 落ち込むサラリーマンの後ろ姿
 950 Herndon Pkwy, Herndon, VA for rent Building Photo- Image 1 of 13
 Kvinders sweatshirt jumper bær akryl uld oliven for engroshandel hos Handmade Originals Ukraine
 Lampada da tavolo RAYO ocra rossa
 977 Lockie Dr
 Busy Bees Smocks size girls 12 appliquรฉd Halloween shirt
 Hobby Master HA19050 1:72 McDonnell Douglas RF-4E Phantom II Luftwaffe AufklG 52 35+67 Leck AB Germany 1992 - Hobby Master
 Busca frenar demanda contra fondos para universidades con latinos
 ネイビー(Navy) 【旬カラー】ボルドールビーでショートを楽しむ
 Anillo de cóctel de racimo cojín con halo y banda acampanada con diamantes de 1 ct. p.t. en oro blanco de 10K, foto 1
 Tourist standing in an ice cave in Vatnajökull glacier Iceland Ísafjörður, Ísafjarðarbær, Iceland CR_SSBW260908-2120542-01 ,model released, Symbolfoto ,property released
—————
BRIEF:
Write each record above out again exactly as it reads.

TASK RESPONSE:
 落ち込むサラリーマンの後ろ姿
 950 Herndon Pkwy, Herndon, VA for rent Building Photo- Image 1 of 13
 Kvinders sweatshirt jumper bær akryl uld oliven for engroshandel hos Handmade Originals Ukraine
 Lampada da tavolo RAYO ocra rossa
 977 Lockie Dr
 Busy Bees Smocks size girls 12 appliquรฉd Halloween shirt
 Hobby Master HA19050 1:72 McDonnell Douglas RF-4E Phantom II Luftwaffe AufklG 52 35+67 Leck AB Germany 1992 - Hobby Master
 Busca frenar demanda contra fondos para universidades con latinos
 ネイビー(Navy) 【旬カラー】ボルドールビーでショートを楽しむ
 Anillo de cóctel de racimo cojín con halo y banda acampanada con diamantes de 1 ct. p.t. en oro blanco de 10K, foto 1
 Tourist standing in an ice cave in Vatnajökull glacier Iceland Ísafjörður, Ísafjarðarbær, Iceland CR_SSBW260908-2120542-01 ,model released, Symbolfoto ,property released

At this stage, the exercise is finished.